In the records below, begin at the line that has "Farbenfroher Folienhintergrund mit" and stop after the line that has "Bej Beli Lastikli"; quote those lines verbatim and nothing more.

**MATERIALS PROVIDED:**
▬▬▬▬▬▬▬▬▬▬

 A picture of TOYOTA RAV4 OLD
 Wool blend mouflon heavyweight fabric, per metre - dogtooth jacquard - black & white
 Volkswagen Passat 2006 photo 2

▬▬▬▬▬▬▬▬▬▬

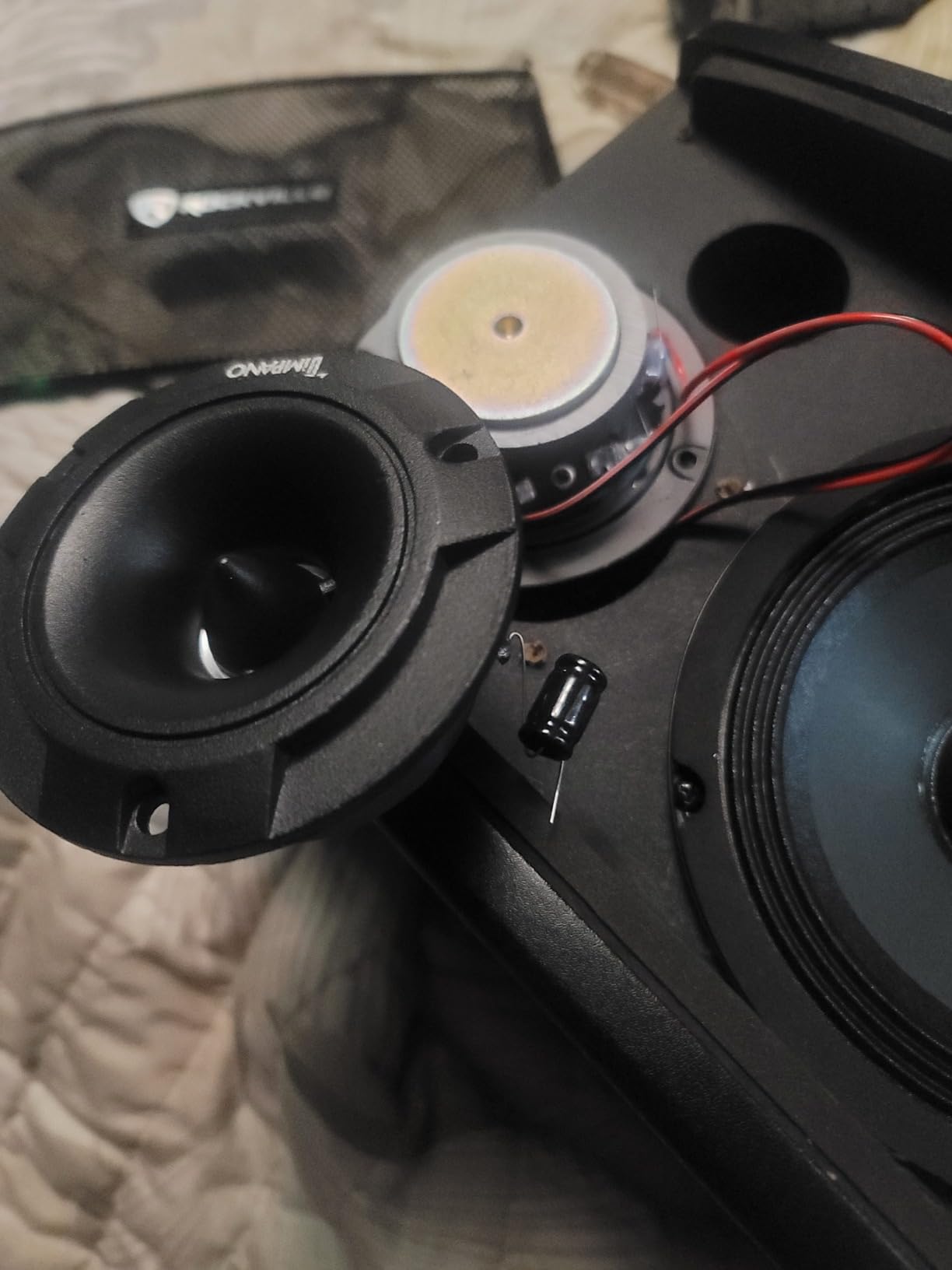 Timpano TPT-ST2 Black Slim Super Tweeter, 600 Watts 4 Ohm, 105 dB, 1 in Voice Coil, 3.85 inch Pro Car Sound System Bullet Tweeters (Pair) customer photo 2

▬▬▬▬▬▬▬▬▬▬

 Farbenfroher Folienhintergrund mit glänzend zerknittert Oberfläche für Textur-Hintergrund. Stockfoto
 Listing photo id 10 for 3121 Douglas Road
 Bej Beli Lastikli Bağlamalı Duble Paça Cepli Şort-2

▬▬▬▬▬▬▬▬▬▬

**RESULT OF THE EXERCISE:**
 Farbenfroher Folienhintergrund mit glänzend zerknittert Oberfläche für Textur-Hintergrund. Stockfoto
 Listing photo id 10 for 3121 Douglas Road
 Bej Beli Lastikli Bağlamalı Duble Paça Cepli Şort-2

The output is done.